The average annual premium for electric vehicles has dropped to £566 in the first quarter, down from £641 in the previous three months, according to data from Compare the Market.
Now, electric vehicles are typically £45 cheaper to insure than petrol and diesel alternatives, although some electric cars can still be more expensive to insure than others.
However, this gap has narrowed substantially compared to the last three months of 2020, with petrol and diesel models seeing bigger falls in cost.
Electric cars are still cheaper to insure on average than petrol or diesel models, new data says
Over the past two years, the average cost of insurance for electric cars has fluctuated, reaching a peak of £692 in December 2019 and dropping to £550 in February 2021 before rising to £588 in March 2021 as travel curbs started to lift.
The fall in the cost of insurance was partly caused by the reduction in car insurance claims during national lockdowns, the comparison website says.
Travel restrictions also pushed down the cost of insurance for non-electric vehicles, which declined by £101 over the same period.
Car insurance premiums for electric cars are typically lower but savings can be made on road tax since it does not need to be paid on cars that do not emit carbon and cost less than £40,000.
Drivers can also receive a £2,500 grant from the Government when purchasing eligible electric vehicles with a price tag under £35,000.
In addition,savings can be made on the cost of fuel, one of the largest expenses for drivers of petrol and diesel cars.
On average, the cheapest annual premium for electric cars was £478 in the first few months of this year, significantly lower than those for petrol or diesel vehicles.
|Average Petrol and Diesel Car Premium||Average Electric Car Premium||Cheapest Electric Car Premium|
|Source: Compare the Market|
The cheapest annual premium for electric cars was £478 in the first few months of this year
Therefore, motorists are encouraged to use price comparison services to see if they can secure further savings by switching to the cheapest deal available.

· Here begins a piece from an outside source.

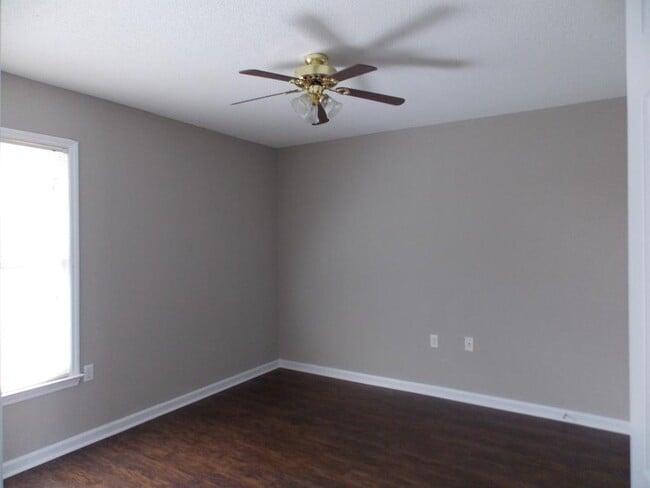 Building Photo - 140 Lanier Dr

If a driver switches to the cheapest premium for an electric car from the average premium on a regular vehicle, they could save £133, depending on their driving history and experience.
Electric cars have substantially grown in popularity in the last year, with March data from the Society of Motor Manufacturers and Traders indicating that sales of new battery-powered electric cars have increased by 74.1 per cent in the year to date – albeit from a low level.

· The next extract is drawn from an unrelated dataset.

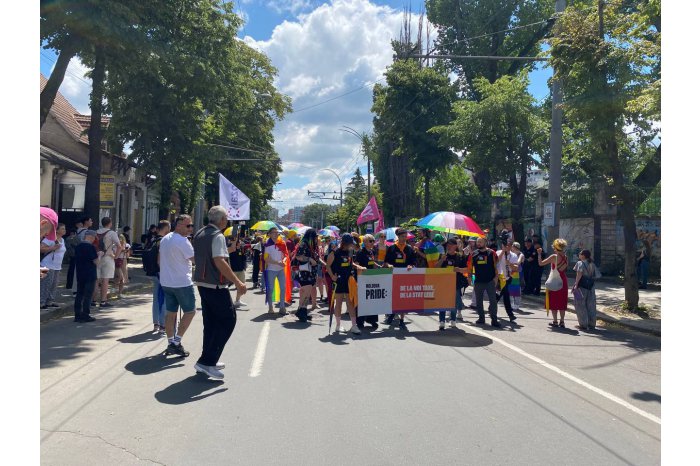 Marșul comunității LGBT  „Moldova Pride” a avut loc la Chișinău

These electric vehicles represented 7.5 per cent of all new car sales in this period, increasing from 3.8 per cent in the previous year.
Dan Hutson, head of motor insurance at Compare the Market, said: ‘Electric vehicles are rapidly growing in popularity ahead of the Government’s target to phase out new petrol and diesel cars by 2030.

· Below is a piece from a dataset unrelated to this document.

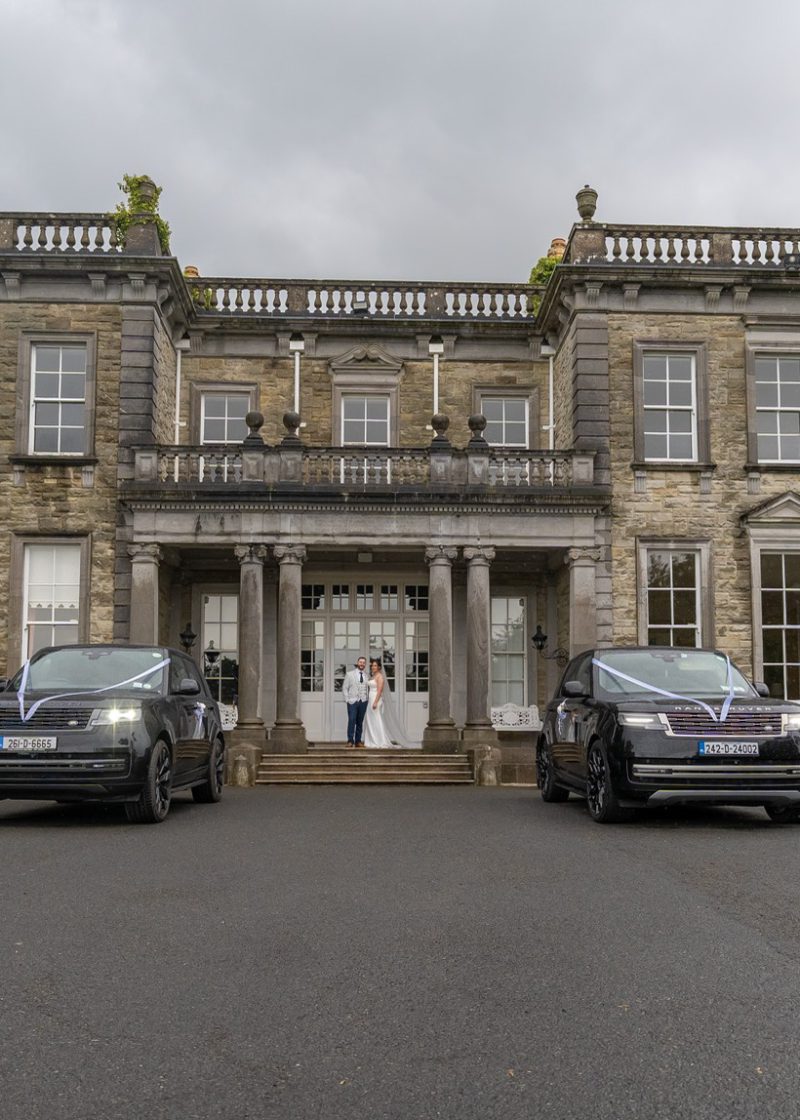 VIP Buses Black Range Rover Vogue SWB pair either side of the steps with the couple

‘The transition to electric vehicles will be vital in tackling climate change, but the higher upfront cost of these cars compared with traditional models has often been a deterrent for many motorists.’
Some experts believe electric cars can be a good option for those looking to become more environmentally friendly – and for those looking to save on their insurance.
Hutson added: ‘If drivers are considering buying a new car, then an electric vehicle could be an appealing option considering the savings on insurance, fuel and tax.
‘Generally, electric cars have fewer complex moving parts that can be damaged compared with a traditional engine, and battery packs are reasonably well protected in accidents, reducing the risk of replacement.
‘Electric cars are typically less likely to be stolen and more likely to be recovered when they are, due to their limited range and because charging them is relatively time-consuming.’